À l’inverse, les rockumentaires font office de documents
pionniers dans le portrait d’artistes et de description du
rock en tant que mouvement musical. Ils peuvent aussi, à
l’occasion, remplir la fonction d’études sociologiques
: les premiers films de D.A. Pennebaker, de Peter Lorrimer Whitehead
ou de Murray Lerner, qui suivent les pérégrinations
des idoles des baby-boomers, établissent un pont entre le
public et des musiciens en passe de devenir les icônes culturelles
de la jeunesse d’après-guerre.
Né le 15 juillet 1925 à
Evanston (Illinois), Donn Allan Pennebaker est le parrain du rockumentaire.
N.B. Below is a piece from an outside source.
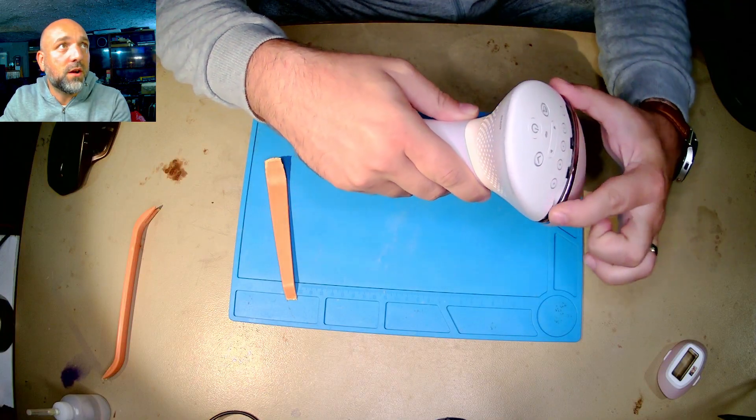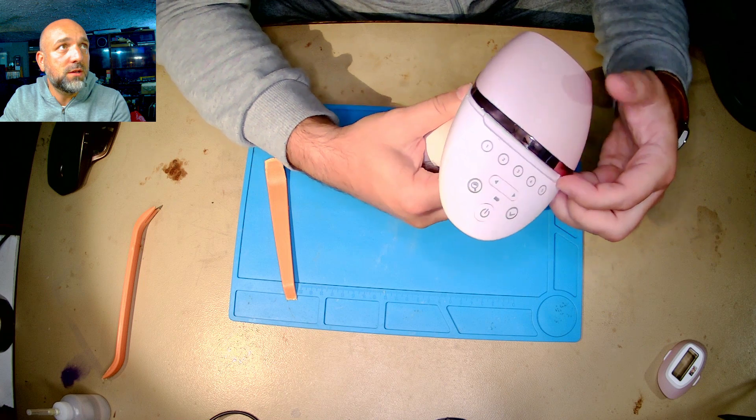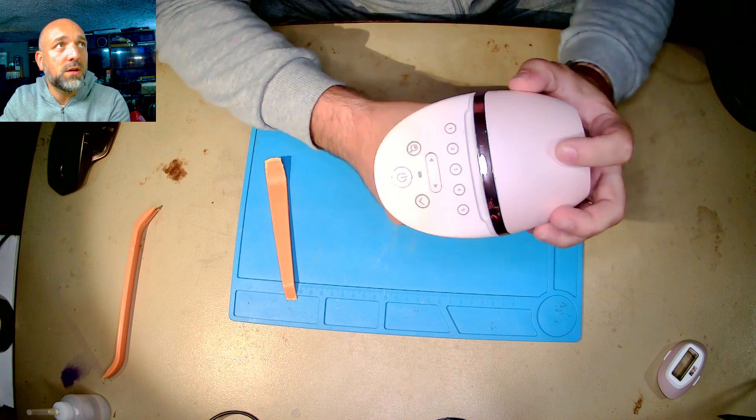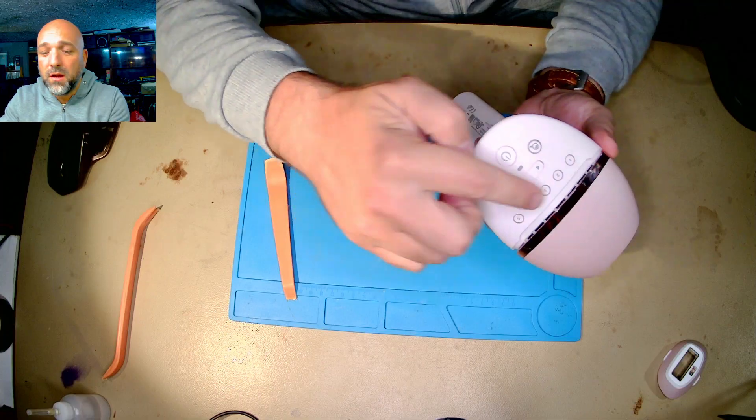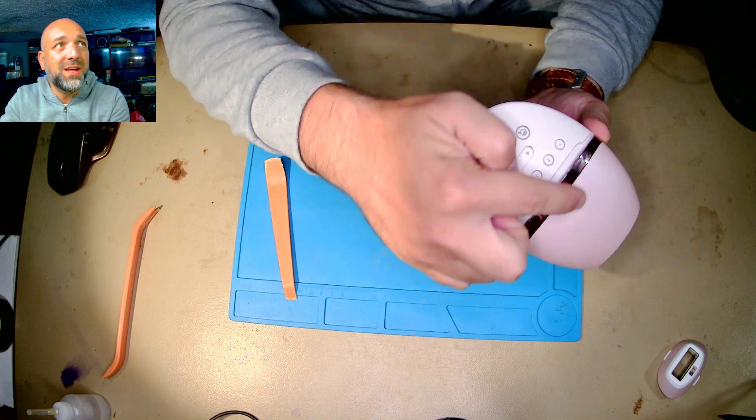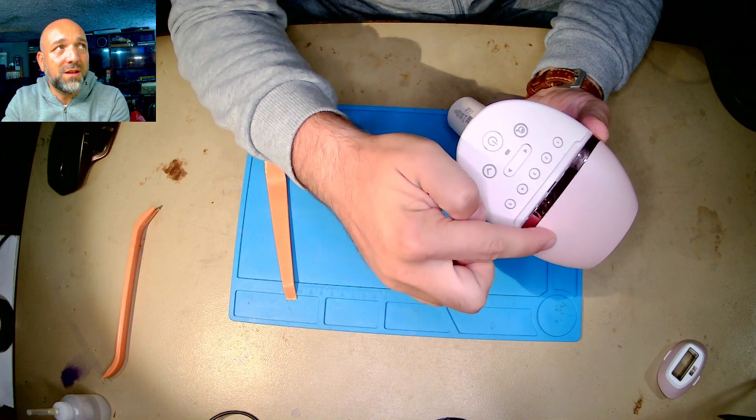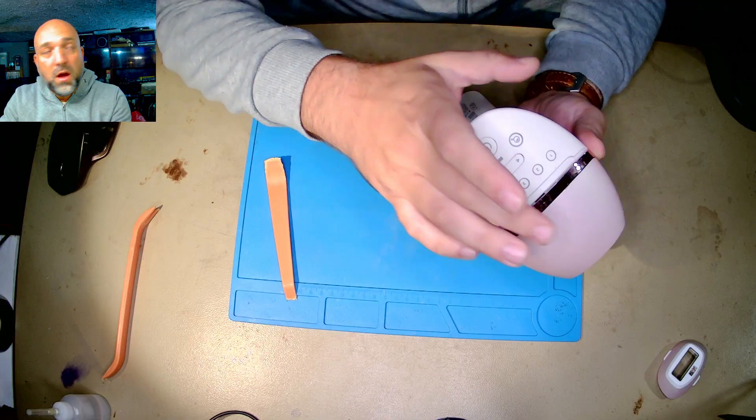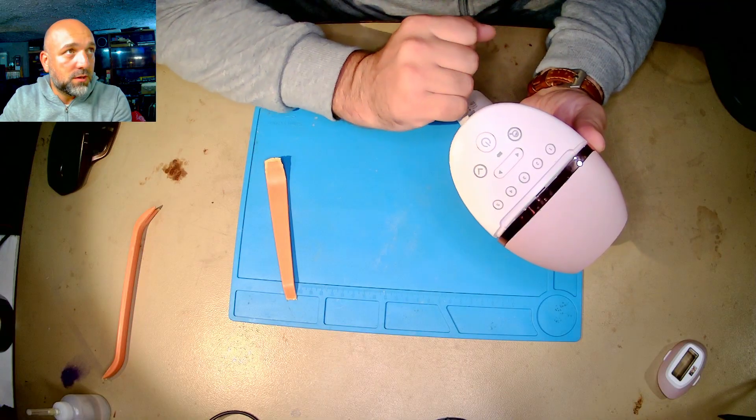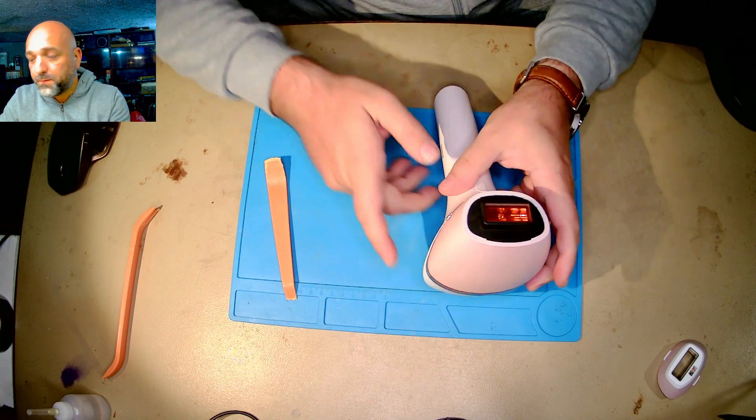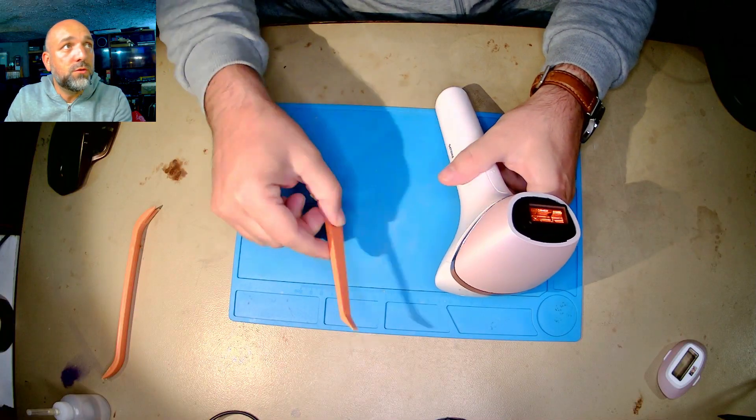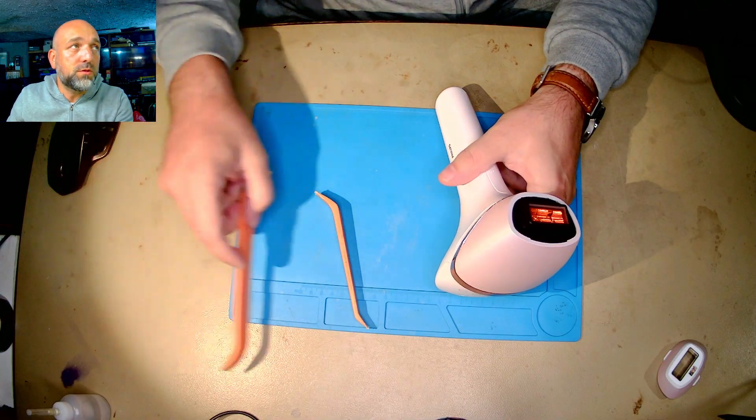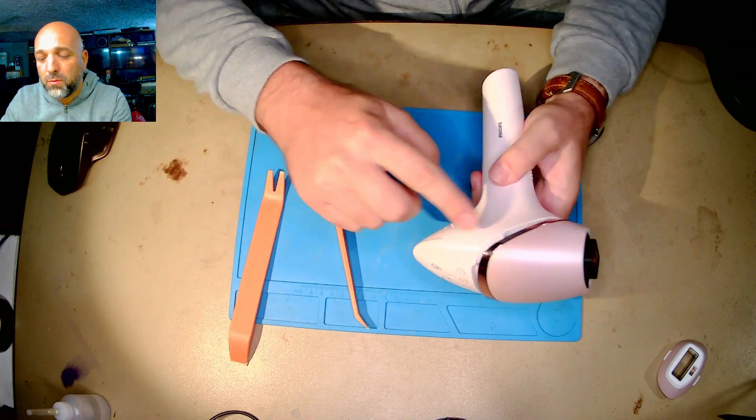What you need - you will need two prying tools, especially from plastic, otherwise you will damage the nice looking plastic. And maybe some metal tools like these prying tools.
Inspiré par les cinéastes de la nouvelle vague, D.A.
Pennebaker privilégie l’approche cinéma-vérité
en filmant les faits sans aucun artifice, souvent dénués
de tout point de vue extérieur (absence de fil narratif,
de voix-off et d’interviews). Pennebaker vit de l’intérieur
les plus grands bouleversements de la musique populaire au cours
des années 1960. Témoin de la tournée 1965
de Bob Dylan dans DON’T LOOK BACK, réalisateur officiel
du festival de Monterey en 1967 (MONTEREY POP), du premier grand
revival rock de Toronto en 1971 (SWEET TORONTO/KEEP ON ROCKIN’)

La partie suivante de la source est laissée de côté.